In numerical simulations of combustion processes, the use of dimension reduction to simplify the description of the chemical system has the advantage of reducing the computational cost, but it is important also to retain accuracy and adequate detail. In current research, dimension reduction of combustion chemistry is performed by using the ICE-PIC method. The ICE-PIC method is developed based on three major ingredients: constrained equilibrium; trajectory-generated manifolds; and, the pre-image curve method. The low-dimensional manifold identified, the ICE manifold, is invariant, continuous and piecewise smooth. The ICE-PIC method achieves local species reconstruction based on the constrained-equilibrium pre-image curve. In comparison to other existing methods such as QSSA, RCCE and ILDM, this method is the first approach that locally determines compositions on a low-dimensional invariant manifold.
The accuracy of the ICE-PIC method has been examined in autoignition and in one-dimensional laminar flames of hydrogen/air and methane/air mixtures. Studies demonstrate that the local errors incurred by ICE-PIC (e.g., the errors in the reconstructed composition) are well controlled.
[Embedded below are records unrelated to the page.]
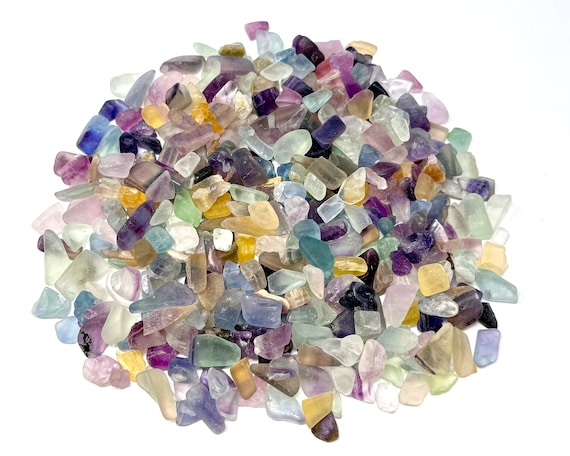 Rainbow Fluorite Semi Tumbled Gemstone Mini Chips 5 - 15 mm: Choose Ounces or lb Loose Wholesale Bulk Lots (Rainbow Fluorite Chips)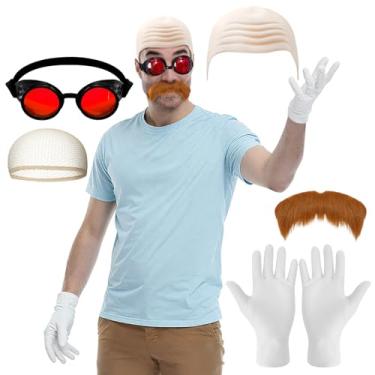 Imagem de SPORTBANG 6 Pcs Halloween Egg Costume for Men Bald Holster Goggles Beard Gloves Halloween Party for Cosplay (Red)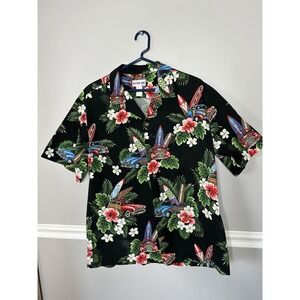 Aloha Line Hawaiian Shirt Men's‎ Large Surfer Theme VTG Cars Floral USA RARE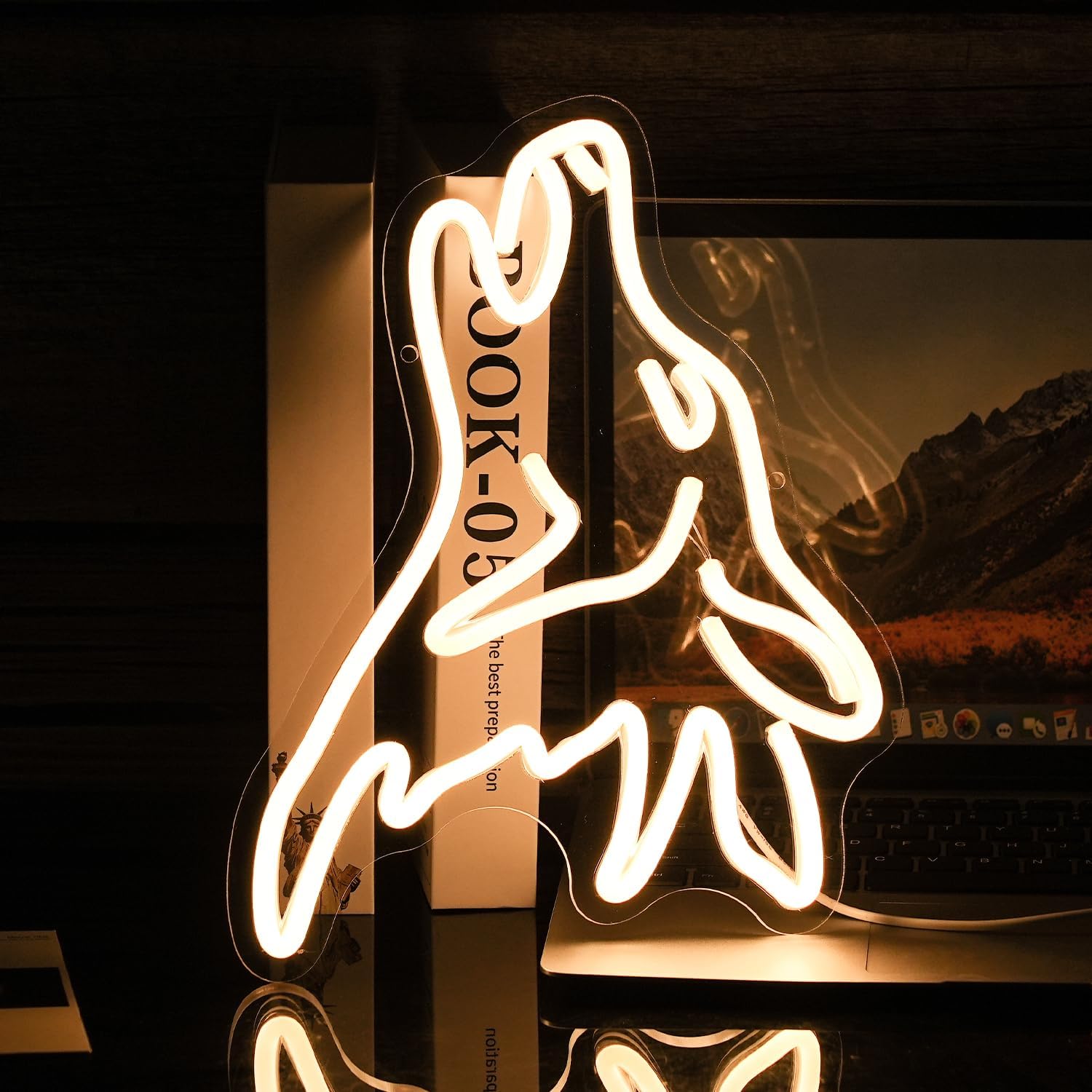 Wolf Neon Sign Warm White Led Cute Wolf Neon Lights for Wall Decor Dimmable Usb Bedroom Sign Lights for Kids Room Home Decor Birthday Party Gifts
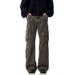 Men's Clothing overalls heavyweight multi pocket tie dye design jeans spring and autumn men and women straight pants_viptrois.com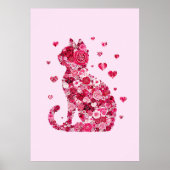 Floral Cat Silhouette ArtFaux Ingepakt Canvas Prin Poster (Voorkant)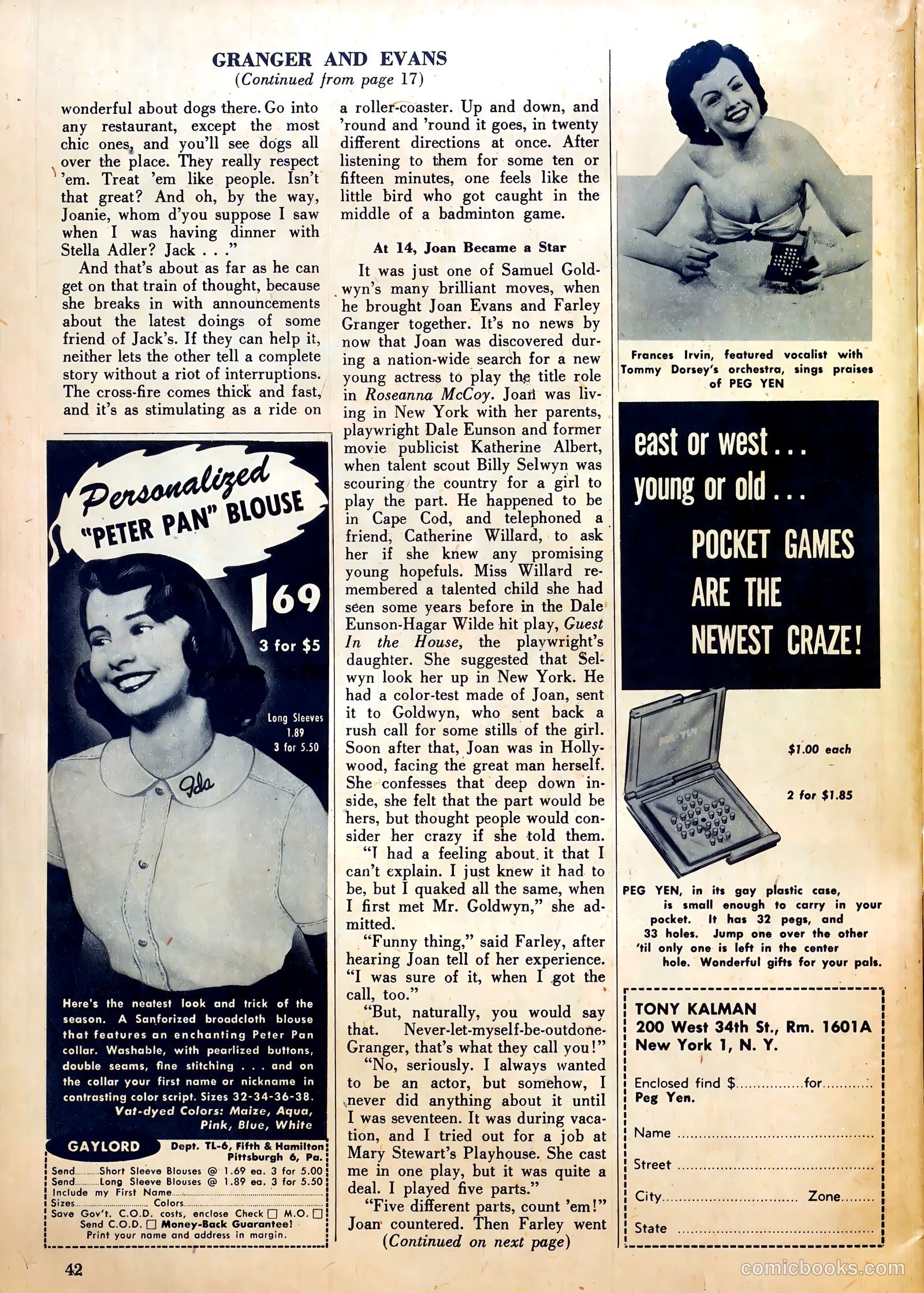 True Movie and Television #3 (1950) — page 42 of 52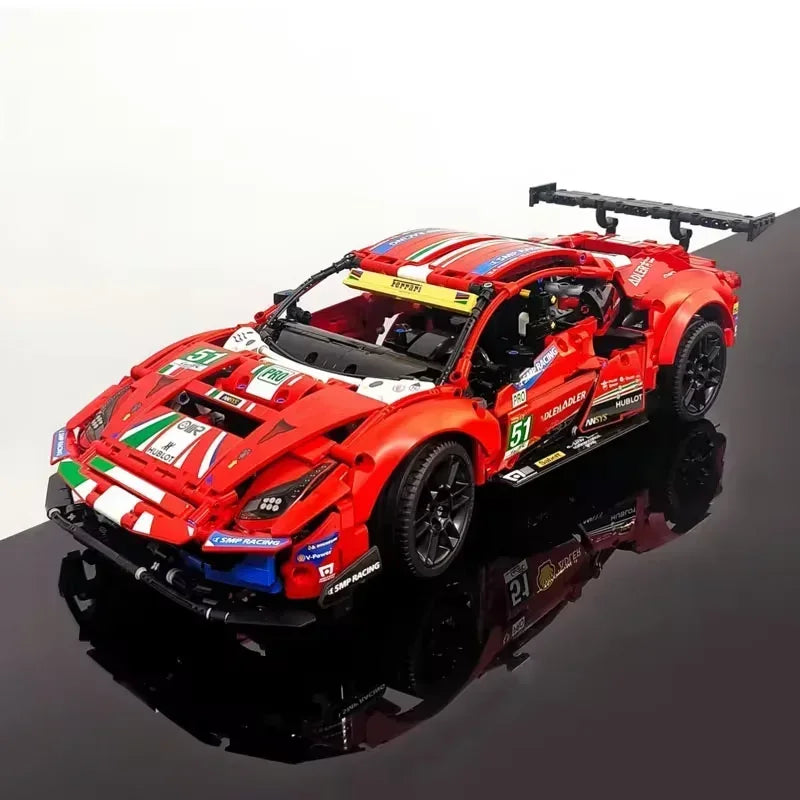 488 GTE Technical 42125 1684Pcs 1:10 Building Blocks MOC Sports Race Car DIY Vehicle Bricks Sports Car Model Kids Adult Assembly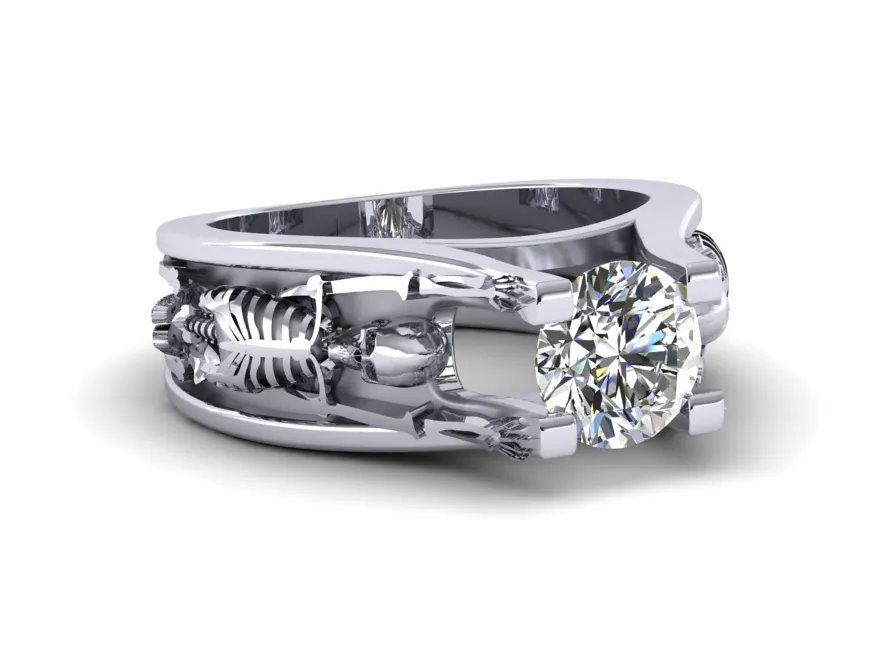 Secret Skull Engagement Ring-UDINC0333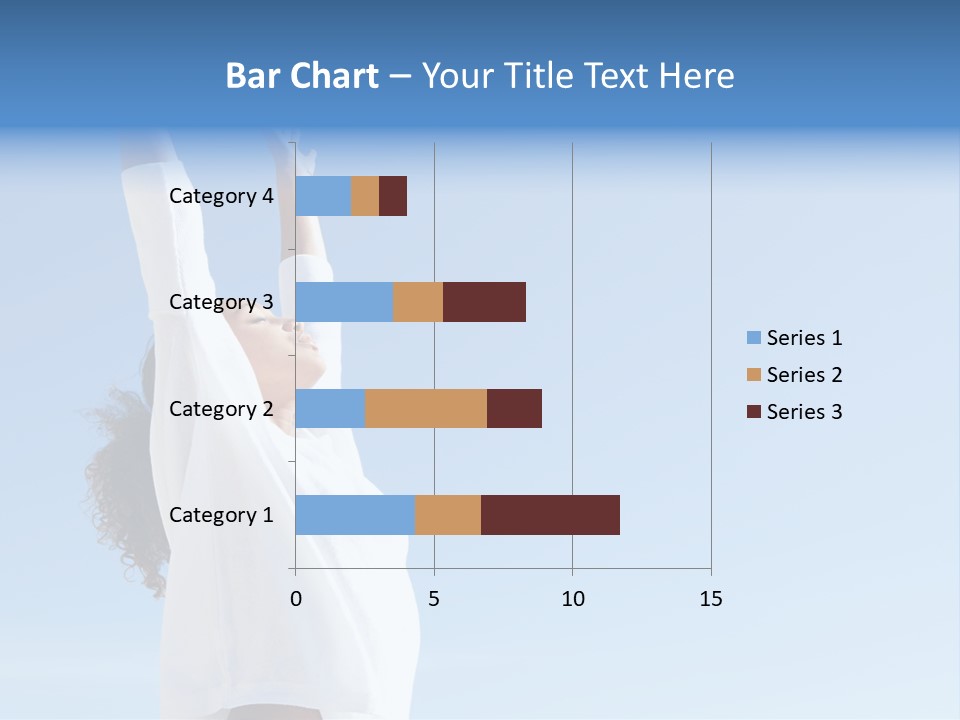 A Woman In A White Shirt Is Reaching Up To The Sky PowerPoint Template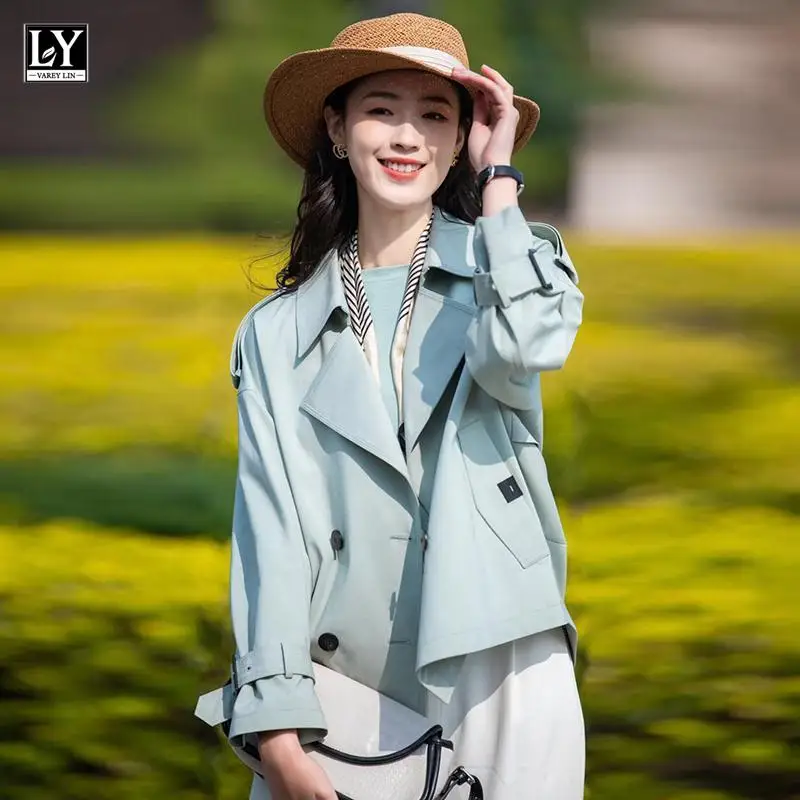 

LY VAREY LIN Spring Autumn Women Casual Loose Long Sleeve Solid Coat Office Lady Turn-down Collar Double Breasted Short Trench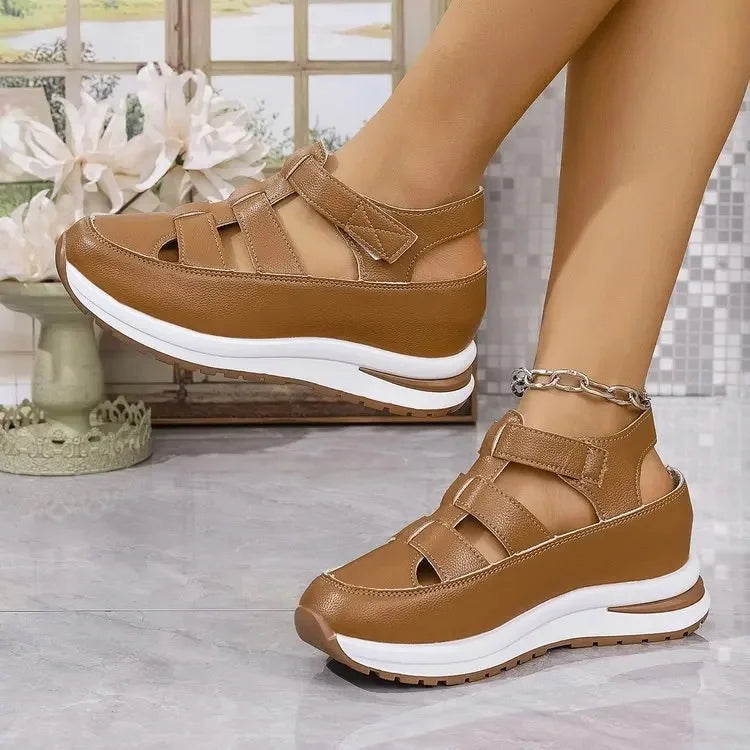 Sandalias de mujer de gran tamaño 2025, nuevas, con punta romana mágica y tacón grueso, zapatos casuales, cómodas, suela de goma y poliuretano mejorado.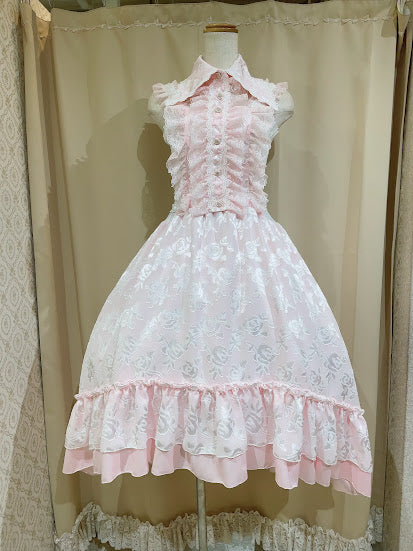 玫瑰园2way连衣裙（粉红色）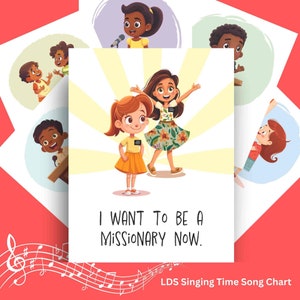 Ich möchte jetzt eine Missionarin sein Singing Time Song Chart | LDS Primäre Chorsänger Hilfen | Songbilder | Digitaler Download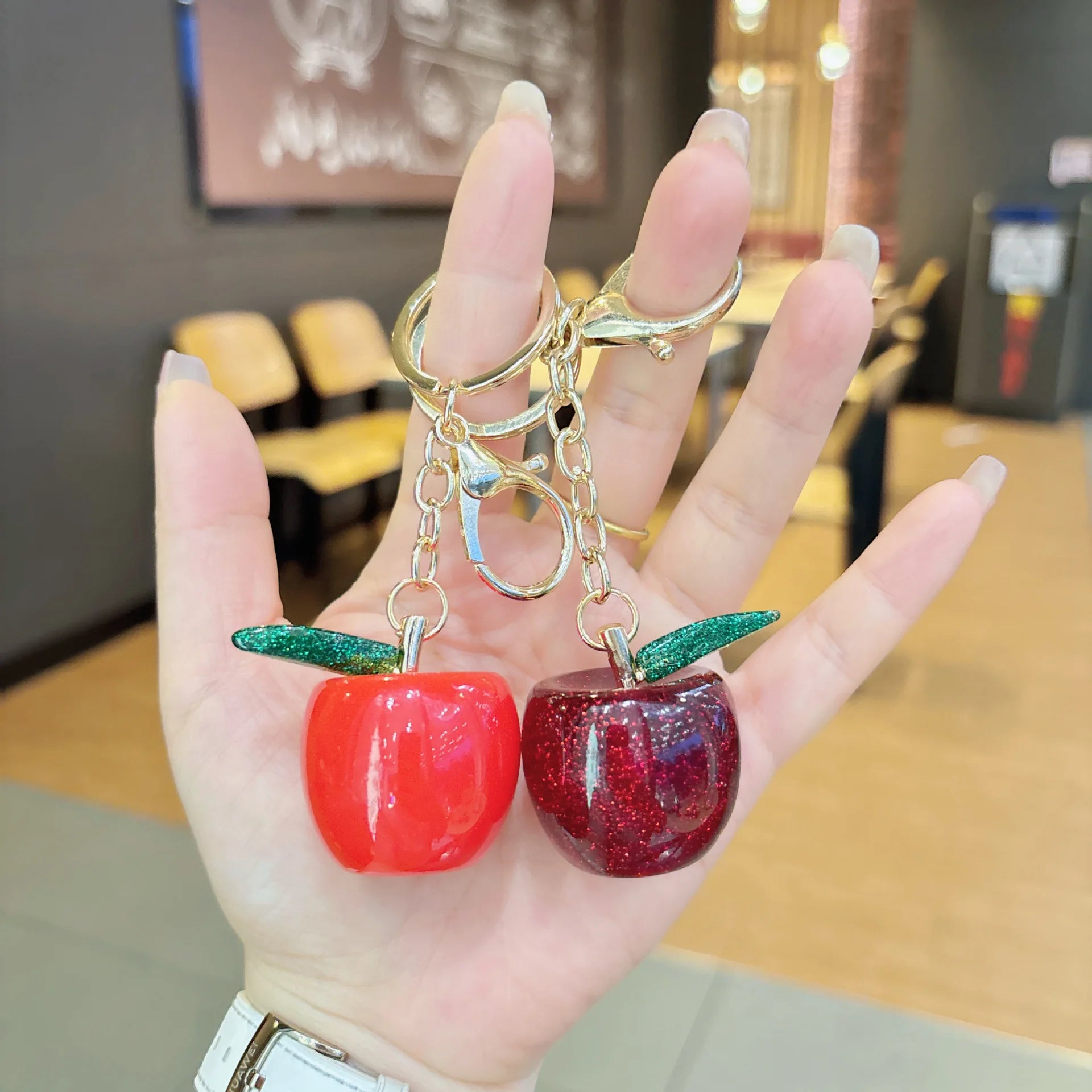 New Design Cute Cherry Charm Handbag Pendant Keychain Women's Exquisite Crystal Cherry Bag Accessories High-Grade Pendant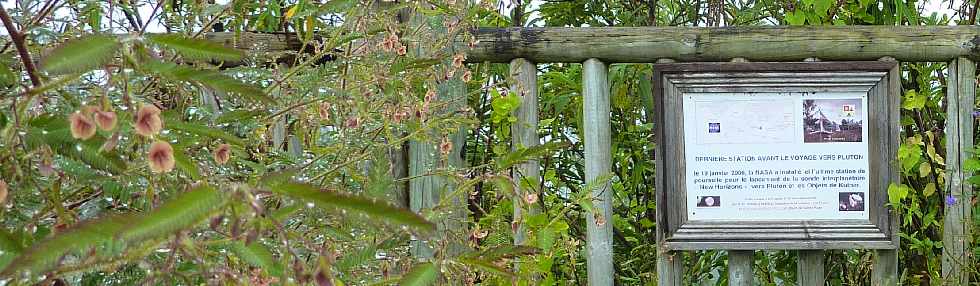 Ste-Rose - Mai 2013 -  Sentier du Gros Piton - Plaque commmorative sonde News Horizons vers Pluton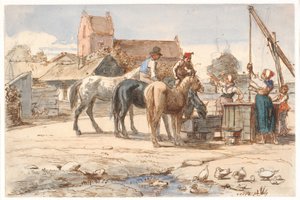 Ved brønden uden for landsbyen af Wilhelm Marstrand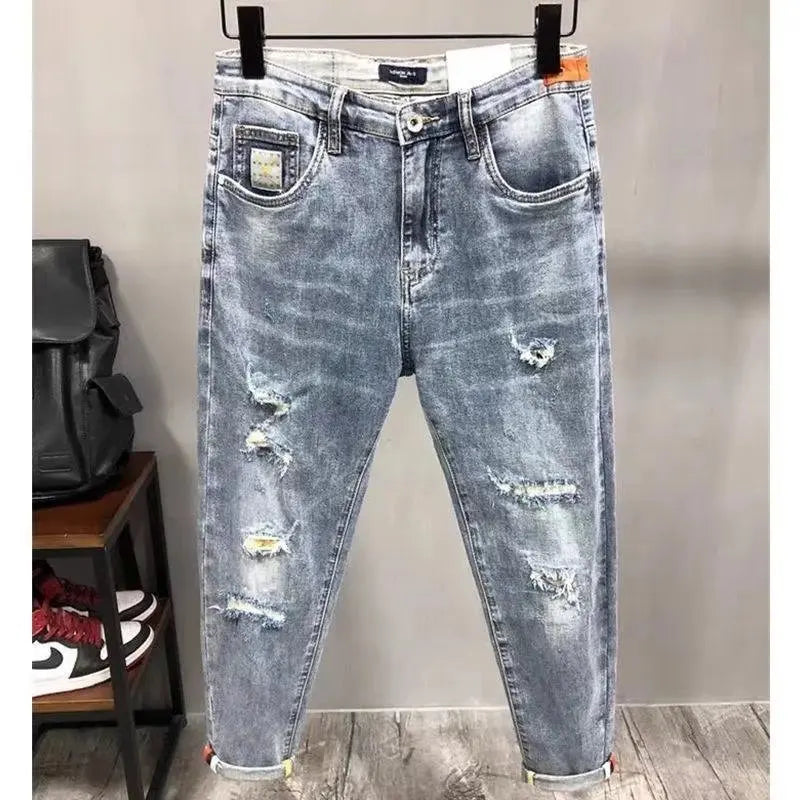 Trendy Men's Slim Fit Jeans Tear Hole Summer Thin Blue Cotton Elastic Waist Zipper Closure Casual Long Pants Youth Wear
The capability of the ICE-PIC method for the reduced description of reactive flows is demonstrated through the calculation of the oxidation of CO/H2 in a CSTR. The reduced description provided by the ICE-PIC method is capable of quantitatively reproducing the complex dynamics.
The final goal is to develop an efficient and accurate algorithm - In Situ Adaptive Tabulation with Dimension Reduction (the ICE-PIC method) to incorporate detailed chemistry in turbulent combustion simulations.